Data to examine –
-- -- --
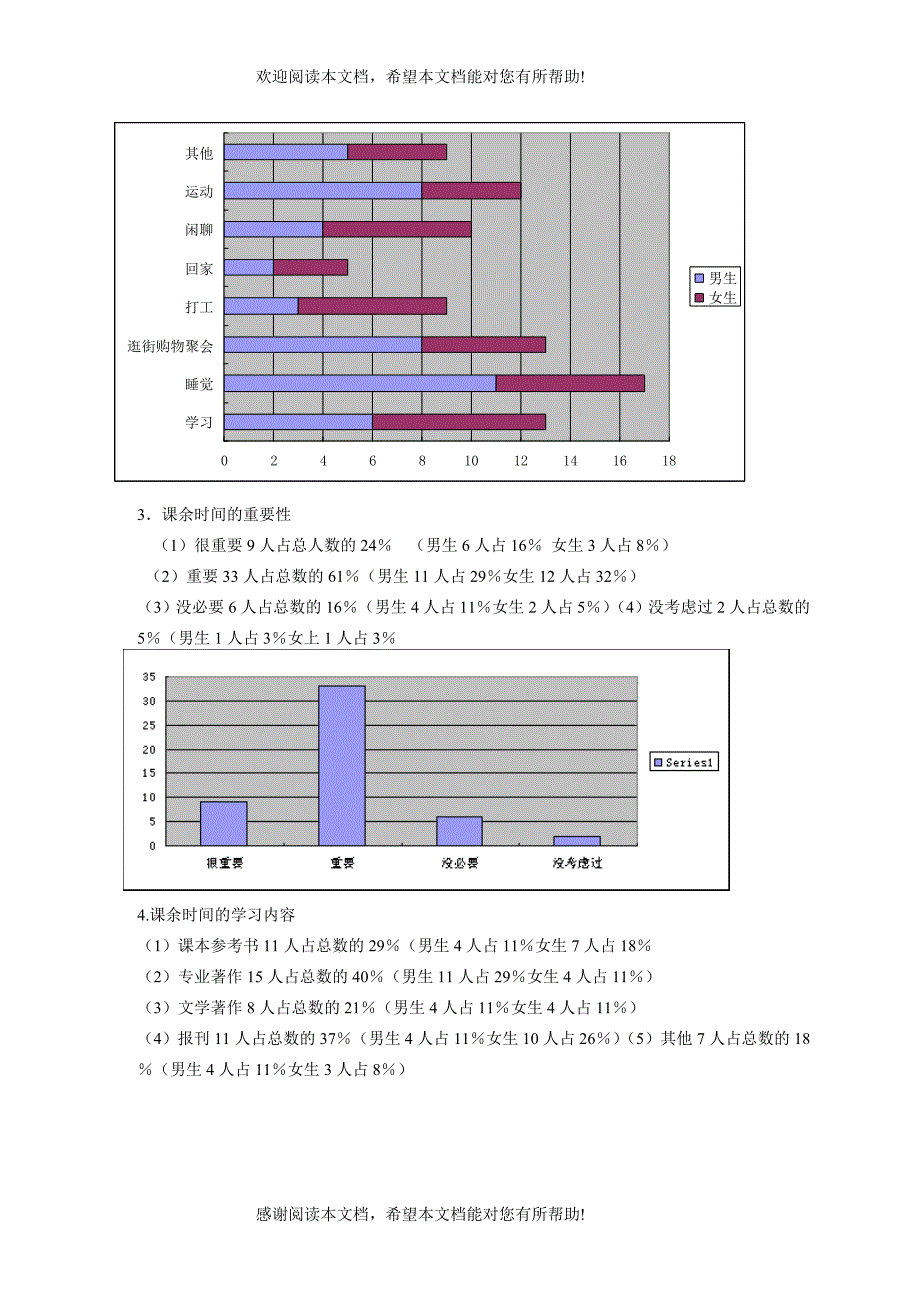 建工系大一学生课余时间安排调查问卷_第4页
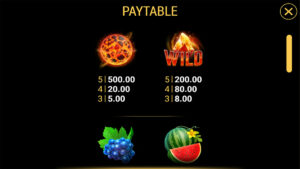 Fiery Slots Cash Mesh Ultra Paytable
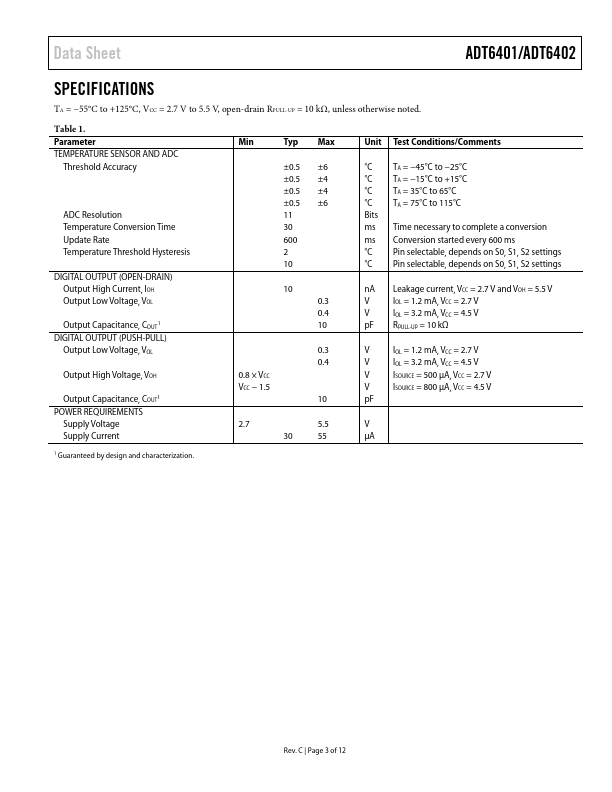 ADT6401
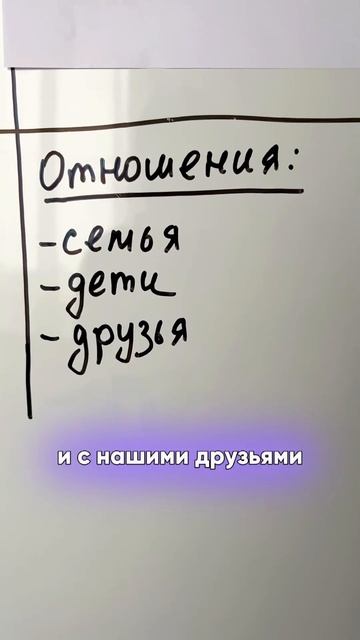 4 сферы жизни смотреть онлайн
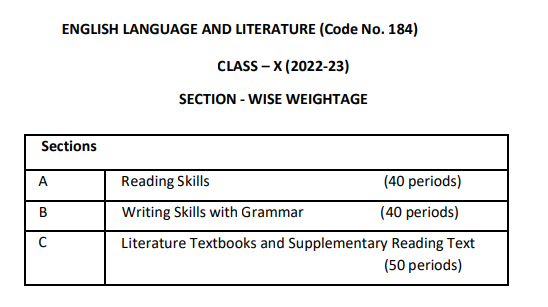 CBSE English Sample Paper Class 10, CBSE Sample Paper 2022 Class 10 English With Solutions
-- -- --
Your task – Please repeat, exactly and with nothing else, the lines from the one containing "Fiery Slots Cash Mesh Ultra Paytable" to the last line of the entries, both included, excluding any pictures.

Answer space –
 Fiery Slots Cash Mesh Ultra Paytable
 ADT6401
 4 сферы жизни смотреть онлайн
 CBSE English Sample Paper Class 10, CBSE Sample Paper 2022 Class 10 English With Solutions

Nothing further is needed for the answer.